→ Task details: The pictures get left out, but everything else in the listing below must be duplicated exactly.

→ Given records:

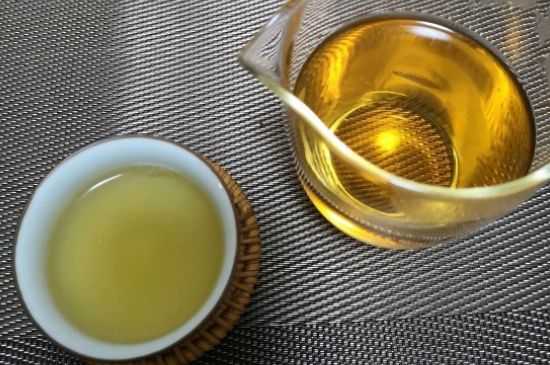 7年壽眉和2年白牡丹哪個(gè)好，老白茶壽眉與白牡丹的口感區(qū)別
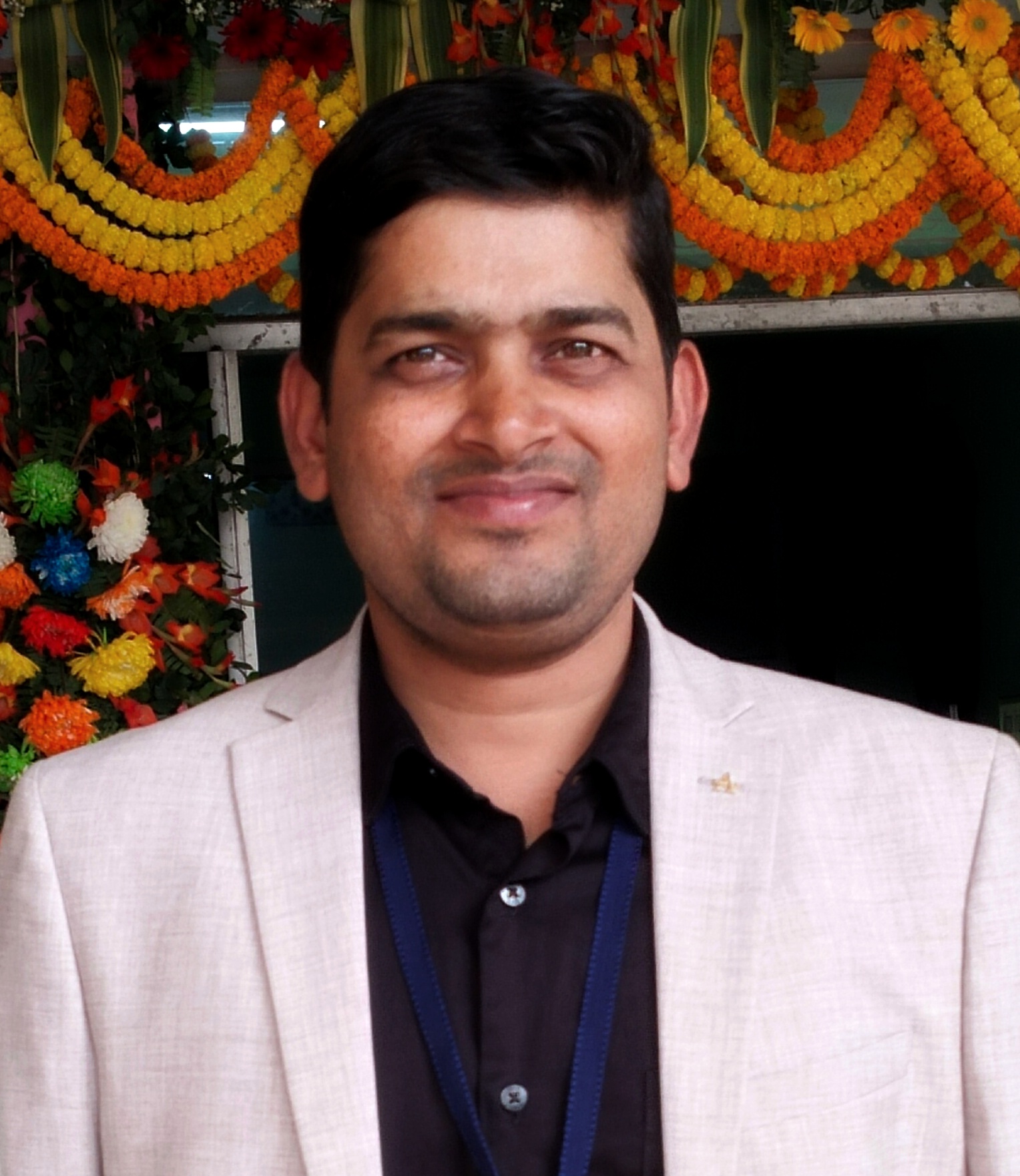 Dr.Ratneswar  Poddar (Stage II)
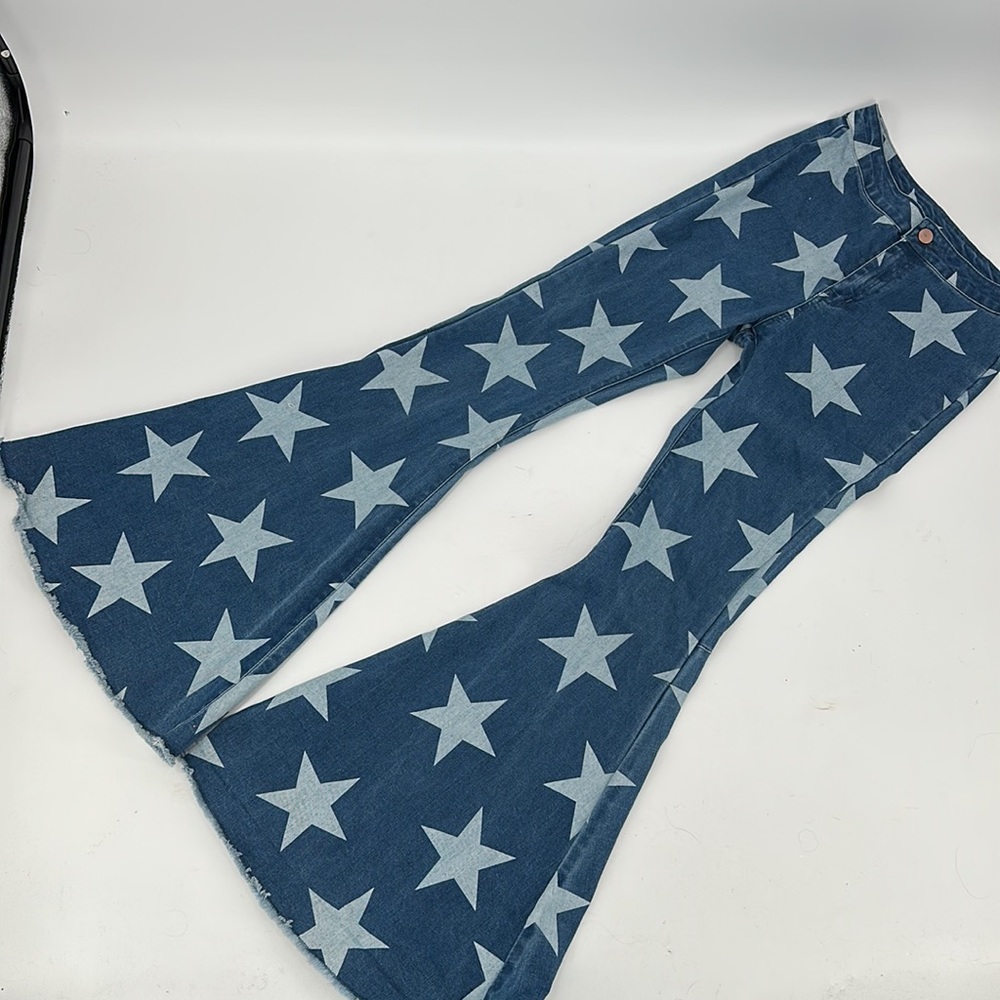 Native Daughters Flare leg denim pant size medium Star design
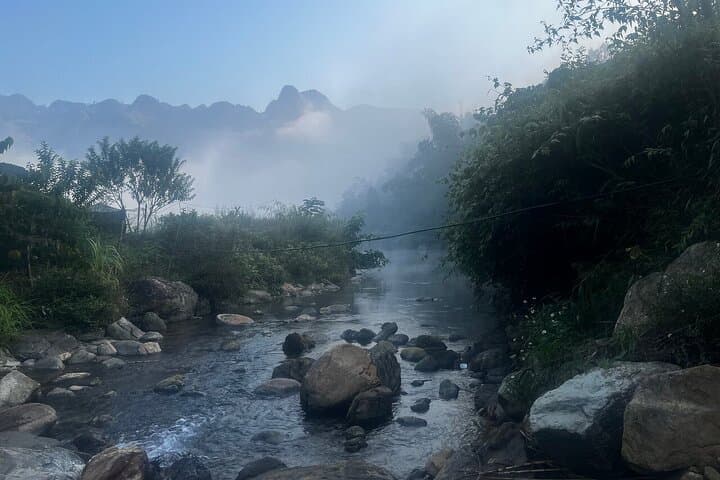 Ha Giang Loop by Car: 4-Day Scenic Drive through the Dong Van Plateau photo 6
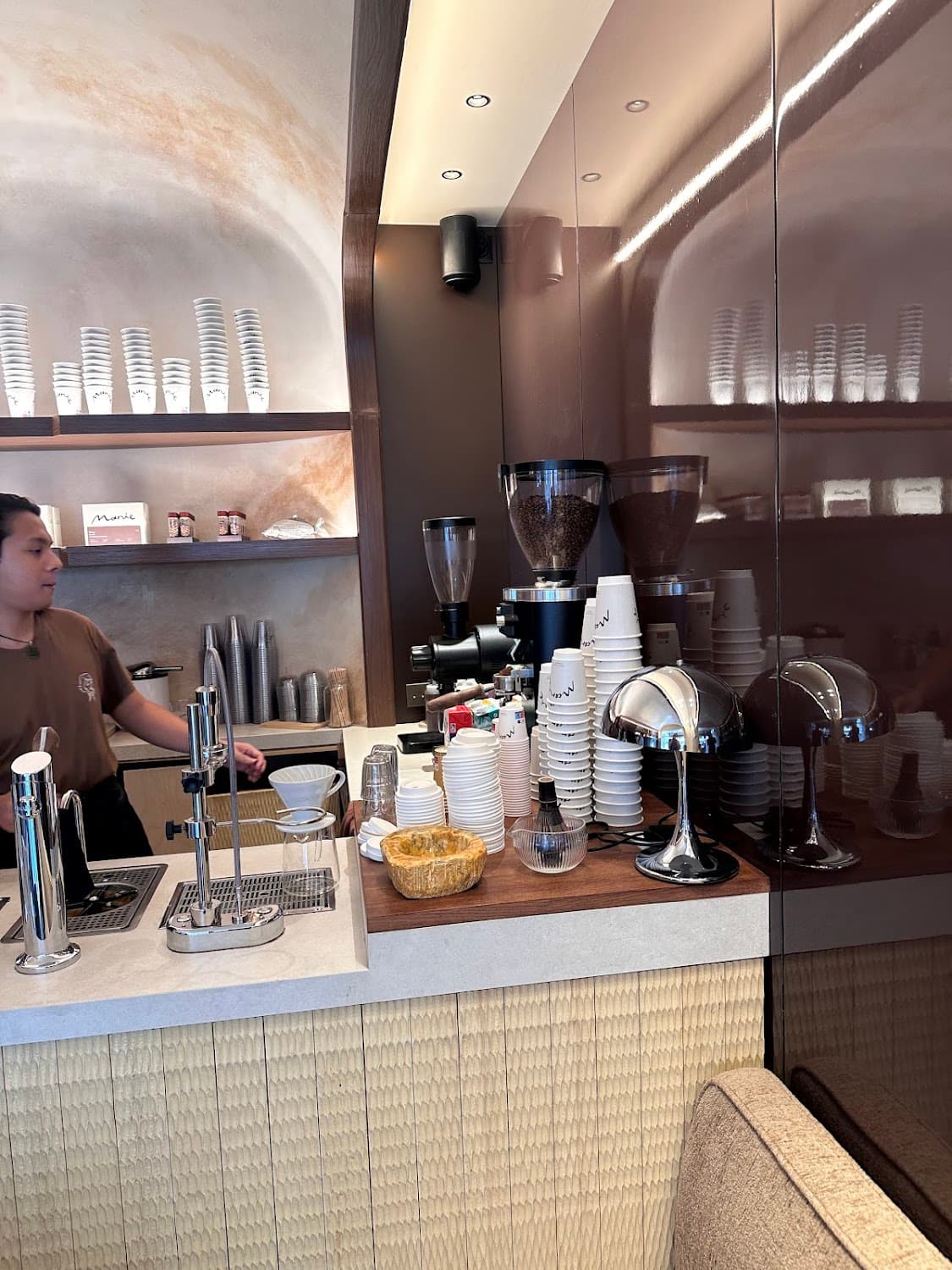 Manie Café - Est. 1938 — specialty coffee shop in Paris (photo 3)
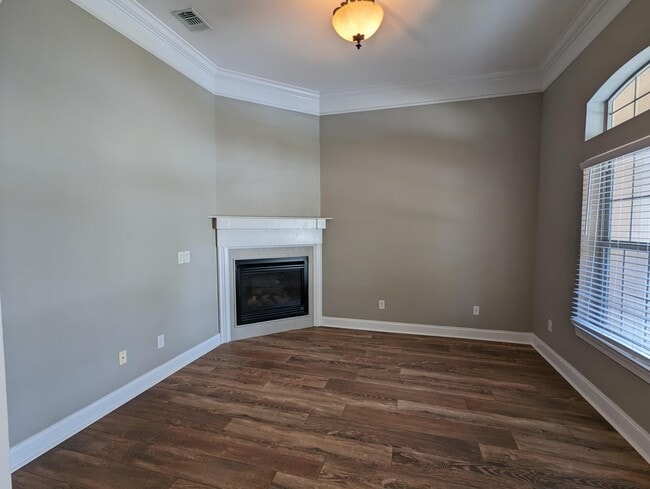 Photo - 1789 Ravenna Dr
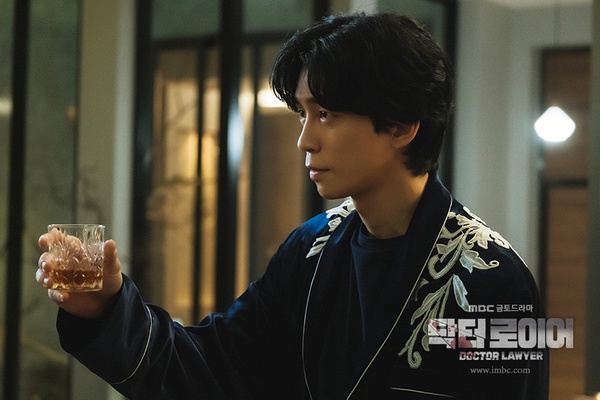近期韓劇話題度TOP8!《魔咒戀人》空降第四,《還魂》贏《醫法刑事》,冠軍毫無懸念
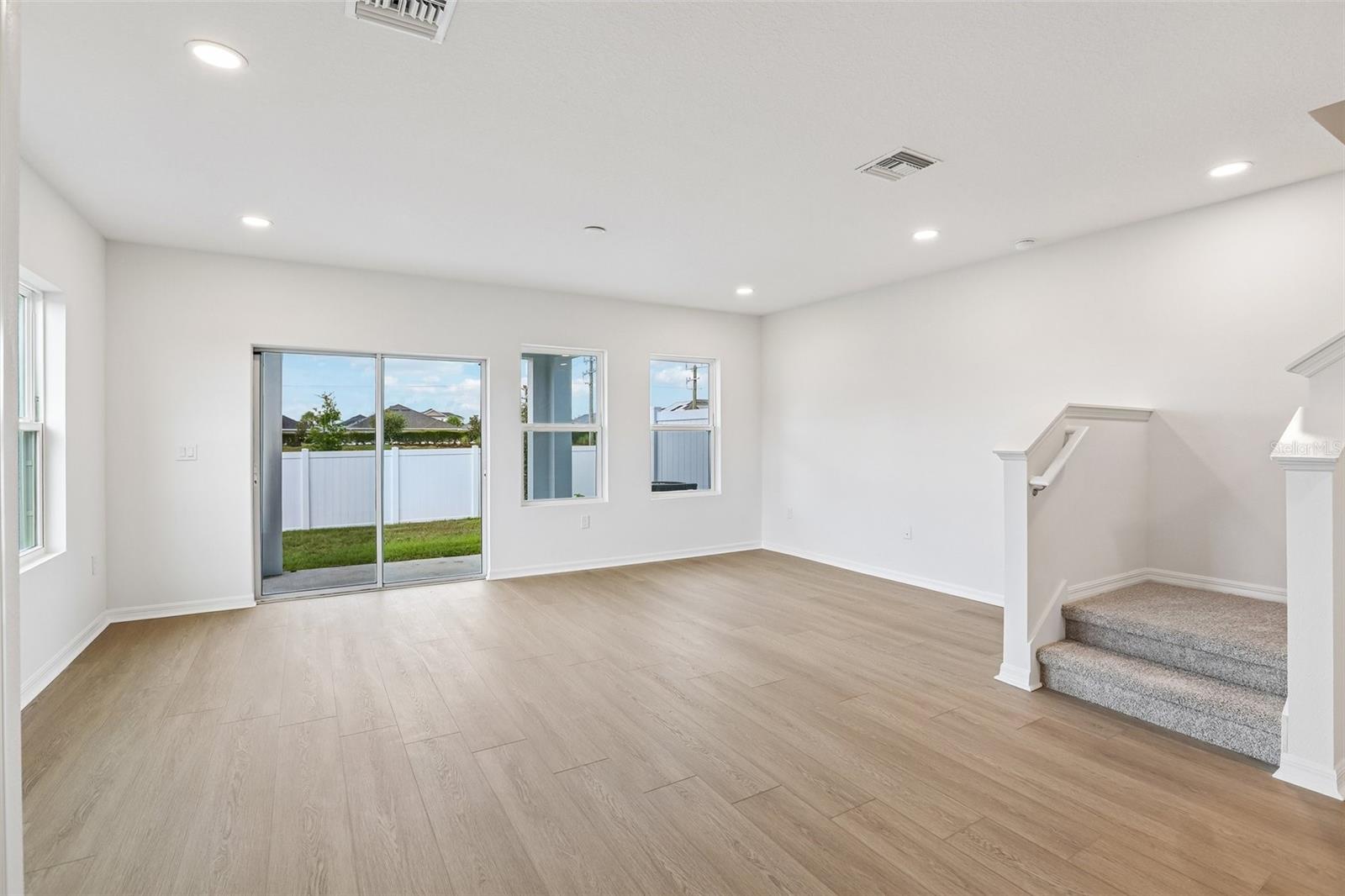 TWIN OAKS - Residential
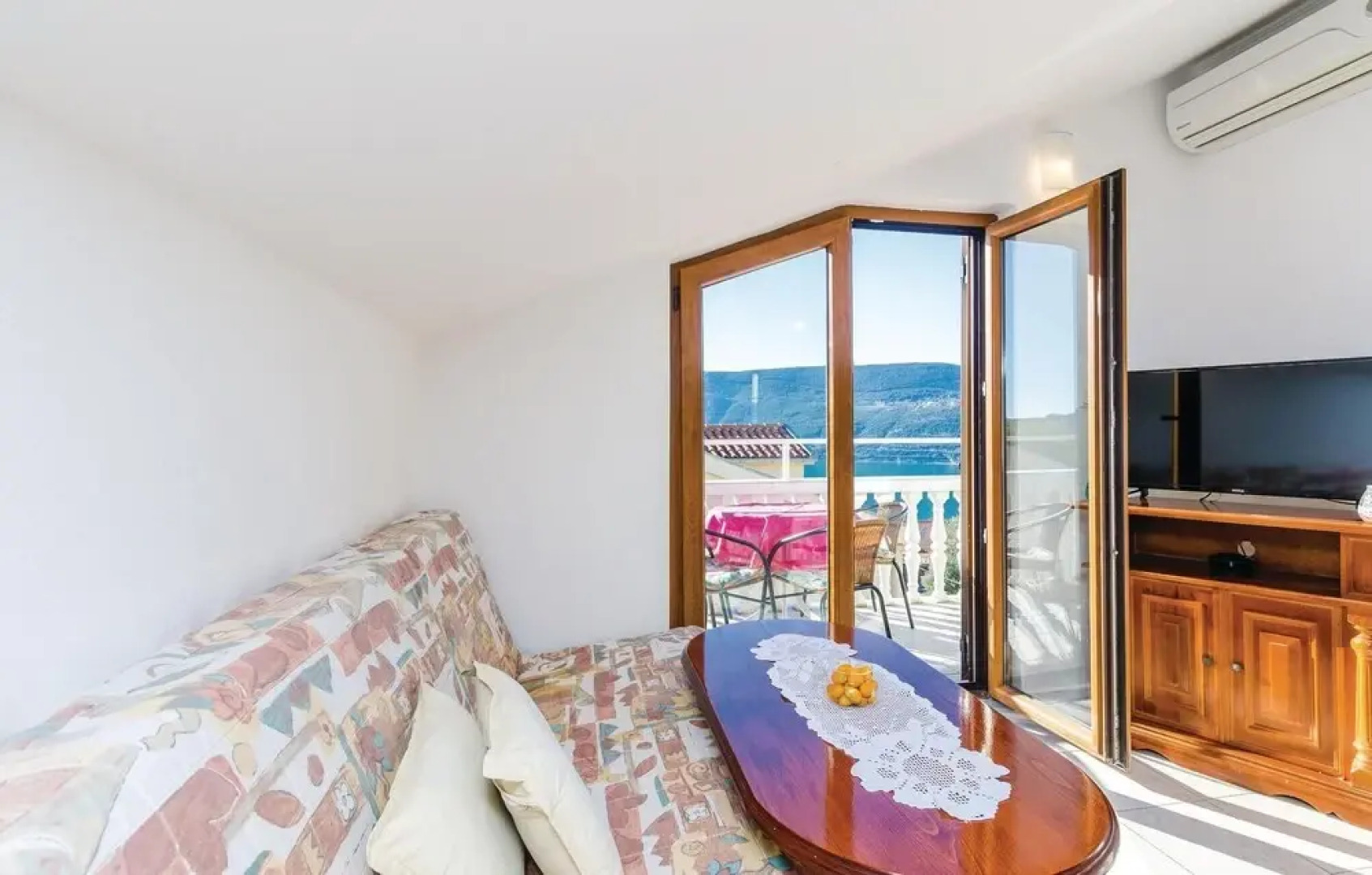 Stunning Home in Herceg Novi With Wifi and 1 Bedrooms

→ Answer:
 7年壽眉和2年白牡丹哪個(gè)好，老白茶壽眉與白牡丹的口感區(qū)別
 Dr.Ratneswar  Poddar (Stage II)
 Native Daughters Flare leg denim pant size medium Star design
 Ha Giang Loop by Car: 4-Day Scenic Drive through the Dong Van Plateau photo 6
 Manie Café - Est. 1938 — specialty coffee shop in Paris (photo 3)
 Photo - 1789 Ravenna Dr
近期韓劇話題度TOP8!《魔咒戀人》空降第四,《還魂》贏《醫法刑事》,冠軍毫無懸念
 TWIN OAKS - Residential
 Stunning Home in Herceg Novi With Wifi and 1 Bedrooms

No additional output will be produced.